With little to do until our flight home, we had a foot massage where karma bit me in the bum and the man broke MY foot with his machinations, and somehow time slipped away and suddenly we were late for our flight. We caught it by the skin of out teeth this time though, thanks to Naomi's optimism forcing me to keep going. And bless Air China, no deed goes unpunished, so we were relegated to the back of
the plane, grudgingly given a cold sandwich and our baggage was withheld until the very end (that might not be strictly true, but just cause you're paranoid doesn't mean they're not out of get you. Especially in China).

Naomi has now left us and is sorely missed. I owe her a debt for dragging my sorry carcass out of my chair and getting me to Shangahi, and can only hope the sympathy pain in my foot that lasted four days was a small consolation for breaking hers by dragging her at break neck speed around the city! I miss you Naomi, see you in East Timor!

Monday, 21 April 2008

A Chance So Rare

Rapunzel fair, rich hues reveal,
the depth in shining eyes.
Broad tears they cling, to glass when held,
inspect against the light.
Too cool at first, I give it time,
on ice a little long.
It's warming now, to tease my tongue,
a hint at what's to come.

Inhale a breath, and draw it in,
each sip unearths a tale.
Old-fashioned spice, rich caramel,
tart fruit on winds set sail.
Now warmer still, it's quiet song,
a rich orchestre of dreams.
Singing sweet, I listen close,
a tapestry of scenes.

A life so young, how can it be,
so soft yet bold and strong?
The meld of such elusive traits,
I've waited for so long.
Each nip is held, so more revealed,
this chance to savour slow.
The honeyed words, the silky scent,
the swirl of time runs low.

No connoisseur; I recognise,
a chance so rare to hold,
may not again, our paths to cross,
this taste, this gaze, of gold.

Thursday, 27 March 2008

Green

green as Othello's gaze
green as rolling glades
regal jade green
true love green
green as contented seas
green as fresh mint leaves

Thursday, 20 March 2008

Finding the Muse

Photos:
BJ Update Misc - The Cool Collection
Week 38 - Finding the Muse

Spring has truly sprung and I can now look at my winter photos without shuddering so I've posted an album of miscellaneous photos. It includes mine and Tashs' excursion to the famous 798 Art District (lots of old factories now turned into art galleries), some great Chinglish signs, a bar with a glass floor/celiling, Beijing's best snow day, Beijing's best cup of coffee, my favourite dog, work events (our annual party and Meng Yan's farewll karaoke do), The-Night-My-Coke-Froze-Before-My-Eyes-As-I-Walked-Home, and my first ever published article! It's an article on the impact of disposable chopsticks on China's environment and I submitted it to "Exchange", the Youth Ambassador newsletter. Not a very discerning publication (they'll take contributions from anyone) but I was proud nonetheless.

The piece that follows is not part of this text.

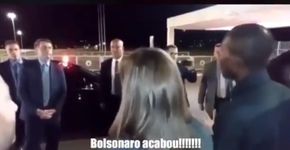 Foto: (Reprodução / Twitter)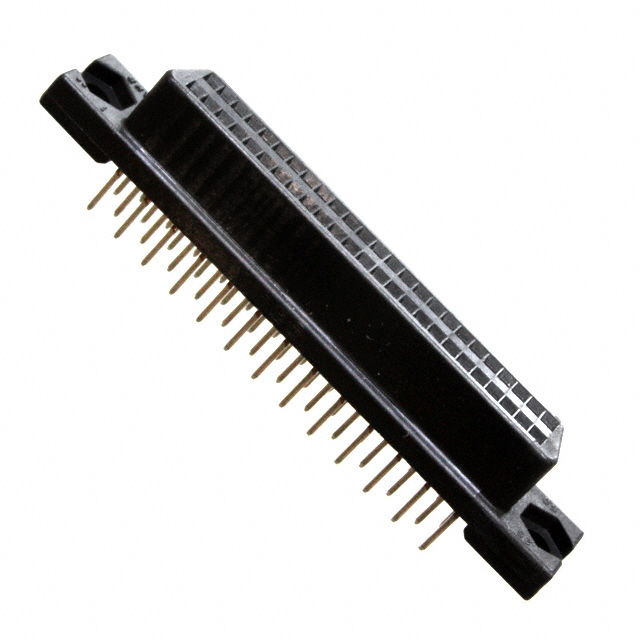 6-5173279-3 TE Connectivity AMP Connectors  Ensembles de connecteurs D-Sub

But more importantly since I've been back, the game is afoot!

Firstly I've been totally inspired at work, with (literally) jumping back on the work wagon. a few weeks ago, we ran our first Antelope Van activity for the year. The Antelope Van is a mobile classroom, taking environmental education activities to schools around Beijing. We went to a primary school in West Beijing, and Zhang Siying asked me to help out with one of the games. I called out numbers between one and five in English and the kids had to get into groups of that size to show they really understood (the kids were five years old). It was a precursor to getting them into pairs for the next game, but I just appreciated Siying involving me. She mentioned that there would be some journalists there, but as my organisation have quite a lot of press coverage I didn't think much of it.

Until I received a call from a rather senior guy at the Beijing "Ao li pi ka" organising committee thingo (for ease, I will refer it as BAOCT) asking me for details about the event. I told him as much as I knew, and mentioned that there would be some reporters too. Yes, he said, he knew, and he was about to send out the info to all his media contacts so there would be even more. How many more? I asked. Lots, he said. Riiiight, I replied, ok.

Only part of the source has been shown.